2023年7月、札幌市ススキノのホテルで男性を殺害し首を切断したなどとして親子が逮捕された事件。12月12日の裁判で母親の浩子被告は「おわび申し上げます」と遺族に謝罪しました。
12日に7回目の公判を迎えた母親の田村浩子被告。青いニットに紺のスカートの姿で一礼して入廷しました。
弁護側による被告人質問が行われた12日の裁判。
「取り返しのつかないことになった。深くおわび申し上げたい」(浩子被告)
肉声が半年ぶりに法廷で聞かれ、浩子被告は遺族に対する謝罪の言葉を口にしました。
2023年7月、札幌市ススキノのホテルで頭部を切断された男性の遺体が見つかった事件。
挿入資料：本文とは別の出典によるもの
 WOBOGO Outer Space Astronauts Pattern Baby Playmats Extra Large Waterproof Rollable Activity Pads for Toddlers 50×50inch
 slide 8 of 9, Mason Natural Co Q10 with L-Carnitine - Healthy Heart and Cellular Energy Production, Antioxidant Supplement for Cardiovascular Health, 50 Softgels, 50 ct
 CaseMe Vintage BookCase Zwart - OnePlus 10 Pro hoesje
62歳の男性を殺害して首を切断し頭部を持ち去ったとして、田村瑠奈被告が殺人などの罪、両親が殺人や死体遺棄ほう助などの罪で逮捕・起訴されています。
「頭部の存在に気付いたのは家に持ち込まれた後。とがめることができませんでした」
6月の初公判でこう語り、「遺体を遺棄することを容認したのは違う」などと浩子被告は一貫して無罪を主張しています。
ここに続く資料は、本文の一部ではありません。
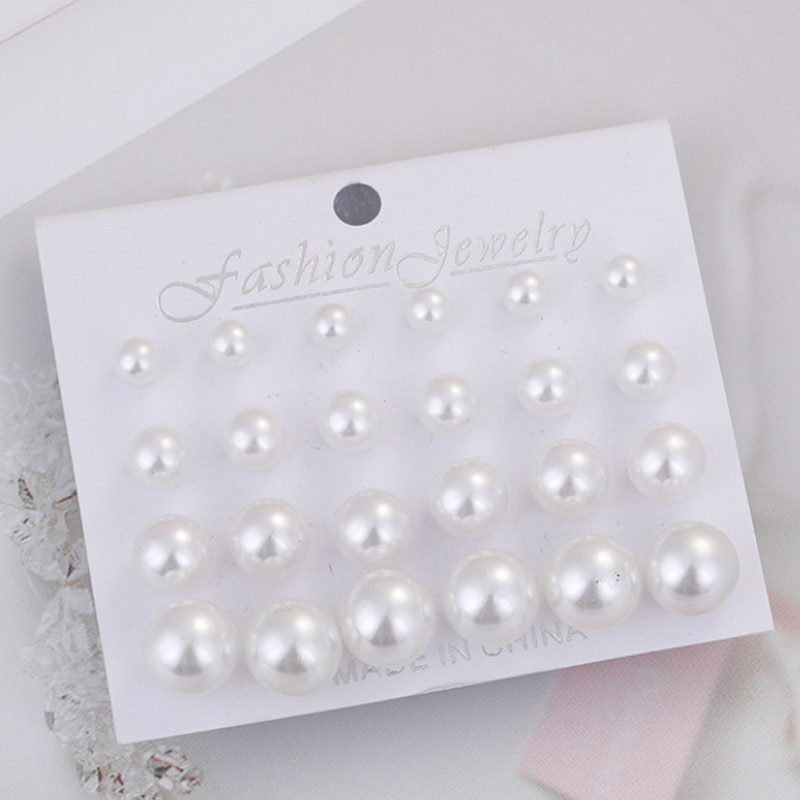 Set de 12 perechi de cercei cu perle simulate albe pentru femei Bijuterii pe ureche Kit de cercei cu bile Bijouteria brincos Bijoux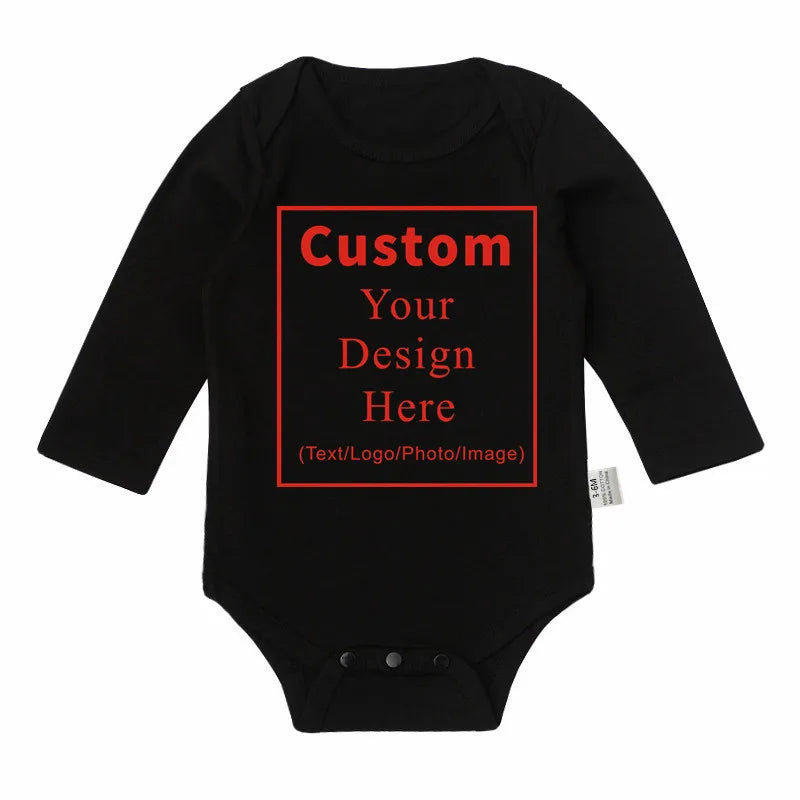 Custom Baby Clothing 100% Cotton Bodysuit Print Your Design Logo Photo Text Customized Neborn Toddler One-Pieces
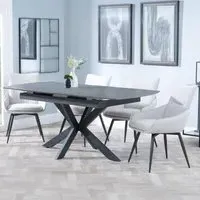 Bari Extendable Dining Set with Swivel Chairs - Grey, Ceramic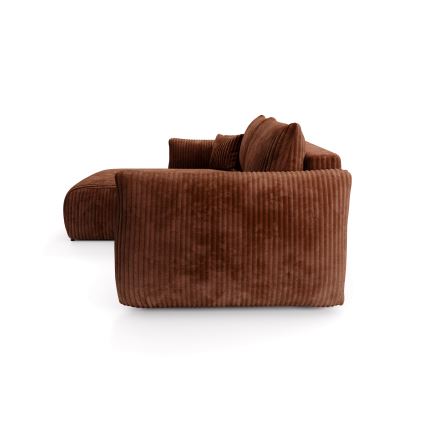 Universel udtrækbar L-hjørnesofa med opbevaringsrum FRIDA, brun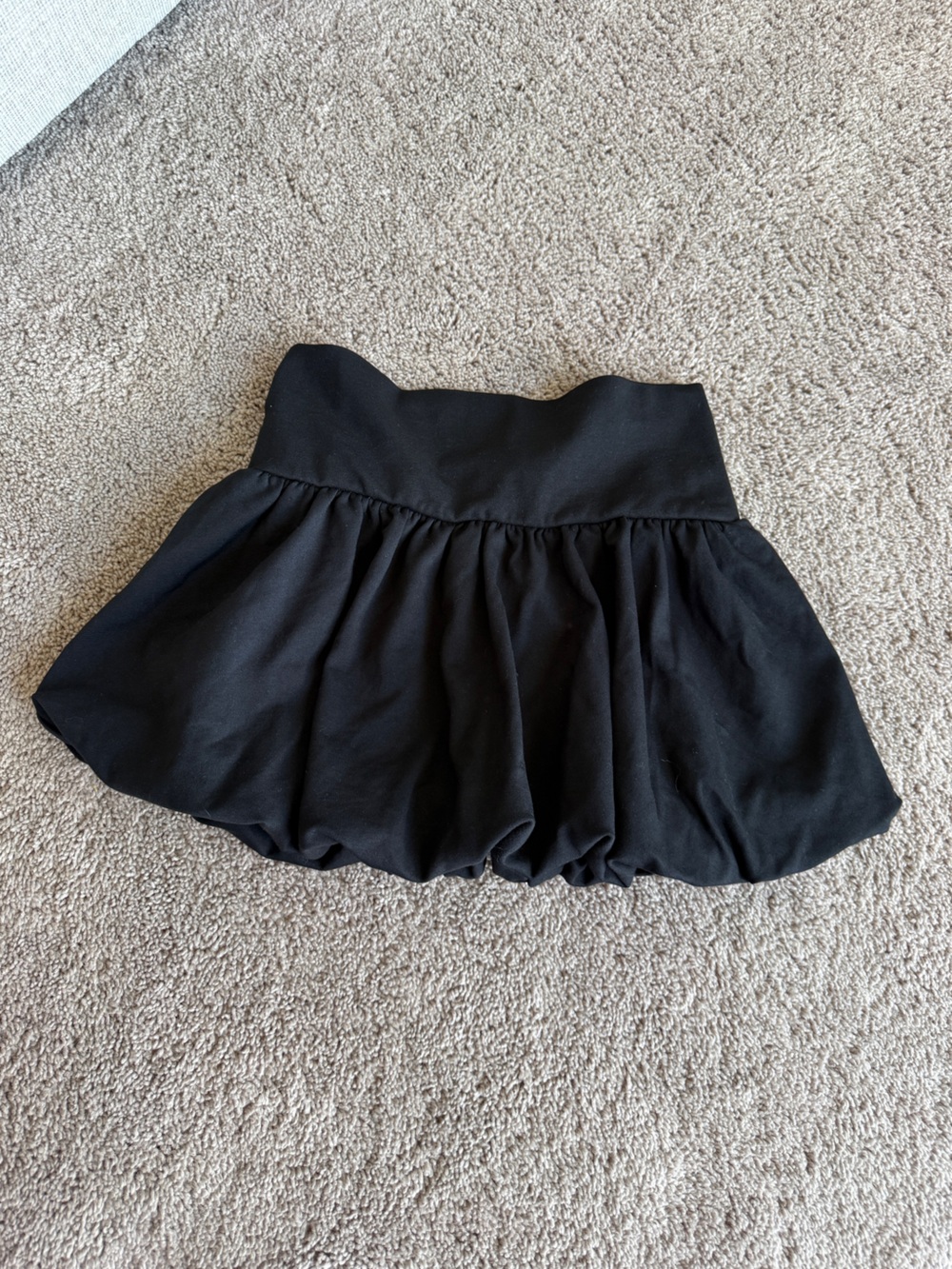 Good Luck Gem Black Bubble Hem Mini Skirt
これまでの裁判で幾度となく姿を見せた父親の修被告。10月の裁判では瑠奈被告の音声データが法廷で初めて公開され、複雑な家族関係が垣間見えました。
「とっとと消えろ、てめえらを殺してやる」
「ずっとそう思って生き延びてんだよ」(ともに瑠奈被告)
「あそこのクリニックだと『クリニックではもうそのレベルだとうちでは対応できないので』ていうふうに言われる」(修被告)
「うー!」(瑠奈被告)
「予約を入れます」(修被告)
「私は復讐する、私はお前を殺すお前が私を殺す、私がお前を殺す、お前はどちらを選ぶ?」(瑠奈被告)
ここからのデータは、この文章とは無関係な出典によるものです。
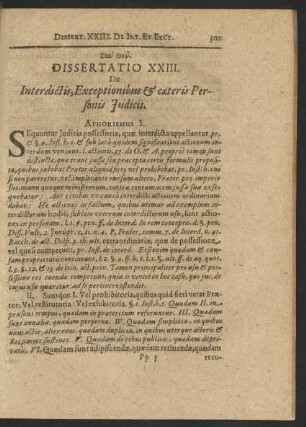 Dissertatio XXIII. De Interdictis, Exceptionibus & caeteris Personis Iudicii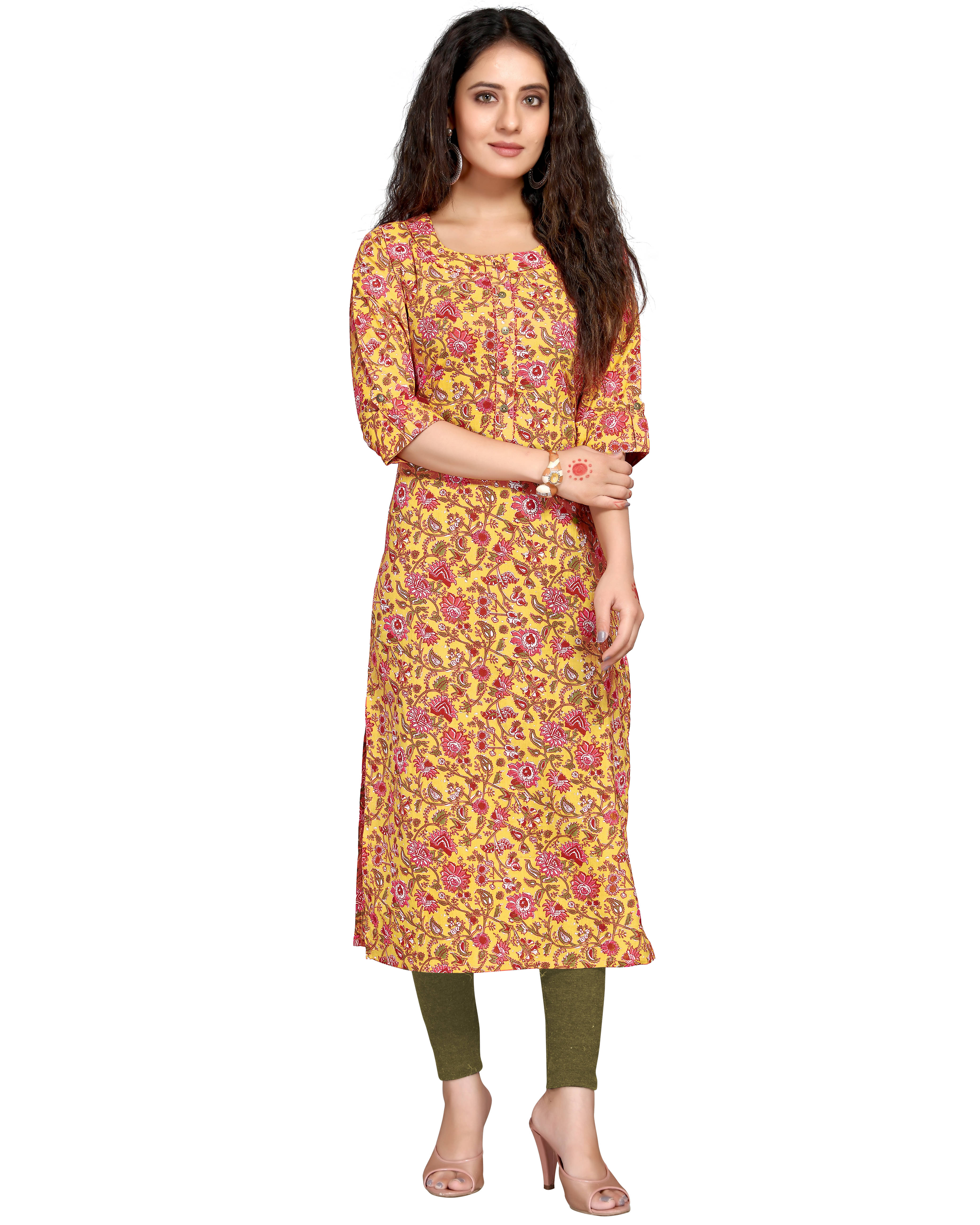     			wonder weave Pack of 1 Cotton Printed Straight Women's Kurti - ( Yellow )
「I don't kill any(私はだれも殺さないの意味)」(修被告)
いびつな親子関係が明るみに出ました。
そして、迎えた浩子被告の7回目の裁判。
「Q遺族に対する気持ちは?」(弁護側)
「もしこのような事件が起きなければ大切な家族と過ごす時間がまだまだあった」
「取り返しのつかないことになった」
「深くおわび申し上げたい」(すべて浩子被告)
浩子被告は時折、声を震わせながら遺族への謝罪の気持ちを口にしました。
凄惨な事件を引き起こした娘・瑠奈被告のことを「お嬢さん」と呼び、「私は奴隷です」などと誓約書を書いていた浩子被告。この異様な親子関係はどのようにして形成されていったのか、きっかけを証言しました。
「Q瑠奈と呼べなくなったのは何歳ごろか?」(弁護側)
「(瑠奈被告が)19歳から20歳にかけて」(浩子被告)
「Qきっかけは?」(弁護側)
「私の中で後悔しているのは単位制の高校で同級生が次々と卒業していくが、娘は単位が足りなくて卒業できなかった。そのときに口にしてしまったのが『どうしてできないのだろう』。それをおそらく娘に聞かれていた。ものすごく後悔している。そこから距離を置かれている」(浩子被告)
浩子被告が法廷で明かした親子の「距離」。深い後悔も口にしました。